Digital Defense 101 is divided into modules that address specific facets of personal cybersecurity. Topics covered will include:
- The Threat: Who are the malicious actors, and what are they after?
- Attack Basics: How do the bad guys get what they want?
- Common Risk and Exposures
- The Information Security Triad Demystified
- You Are the Product: The Surveillance State and Surveillance Capitalism
- Risk Mitigation 1: Device configuration and basic tooling
- Risk Mitigation 2: Reading the signs in your personal digital environment
- Risk Mitigation 3: Defeating social engineering
- Risk Mitigation 4: Reducing your digital footprint in a state of surveillance
- Risk Mitigation 5: The Cloud, and how not to get rained on
- Risk Mitigation 6: Communicating securely
- Risk Mitigation 7: Let’s encrypt (everything)
- A Way Ahead
Instructors: Adam Firestone and Hilary MacMillan
Adam Firestone has been deeply involved with information security and cybersecurity for over 24 years.
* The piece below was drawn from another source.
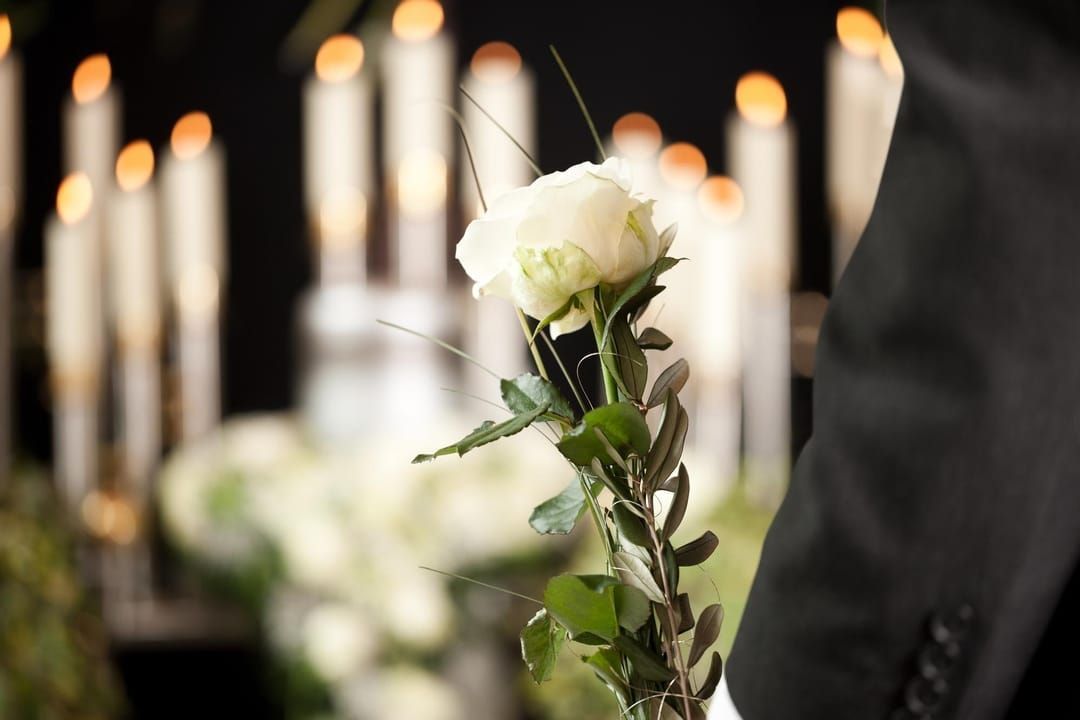 A person in a dark suit holds a single white rose in front of a background of blurred, glowing candles.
During that time and continuing to the present, he has been a senior executive in cybersecurity and technology organizations, designed, architected, and engineered information security and cybersecurity systems, and taught graduate courses in engineering, information security, cybersecurity, and cryptography at the graduate level at both Georgetown University and George Mason University. Adam is a frequent speaker and writer on personal and organizational digital security, cybersecurity policy, and technical education. He passionately believes in spreading the word about achievable, meaningful cybersecurity measures that can have a huge impact on individuals, and changing the national conversation about the cyber hygiene. As part of this effort to raise cybersecurity awareness, Adam serves as editor-in-chief of United States Cybersecurity Magazine. Adam is also dedicated to improving the state of information security technology, and is the inventor/co-inventor behind two patents: An invention for ensuring multilevel data security through the application of advanced identity and access management techniques, and an encryption protocol capable of provably extending the security guarantees offered by standardized bulk encryption mechanisms.
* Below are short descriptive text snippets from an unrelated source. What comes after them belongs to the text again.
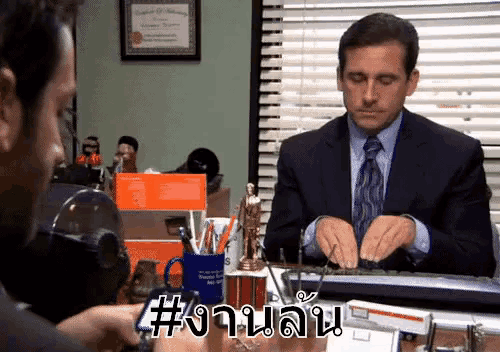 a man in a suit and tie is typing on a keyboard while another man looks on .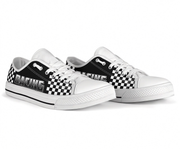 White sneakers with black and white checkered pattern and 'Racing' text on a white background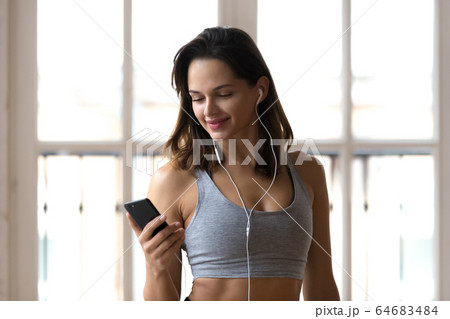 Positive sporty girl using smartphone listening music during wor Positive sporty girl using smartphone listening music during wor 64683484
Hilary MacMillan has been engineering secure systems for nearly 20 years, continuously looking for ways to build technology that protects what matters most to those who use it. She’s worked on systems ranging from those that enable national security to those that empower commercial viability, always with a focus on mitigating risks that stem from threats these systems, and us, their users, face in both physical and digital environments. She’s co-inventor on a patent for a bulk-data encryption protocol that improves encryption resiliency in the face of quantum computing and is a frequent contributor to United States Cybersecurity Magazine where she writes on a variety of topics in cybersecurity and secure system design. She also teaches graduate level courses in cybersecurity, cryptography, and systems engineering at Georgetown University. She believes that each of us are absolutely capable of taking meaningful and valuable actions toward protecting ourselves and our communities – online and on-ground – and is committed to lifting the veil of mystery that, for many, surrounds digital security.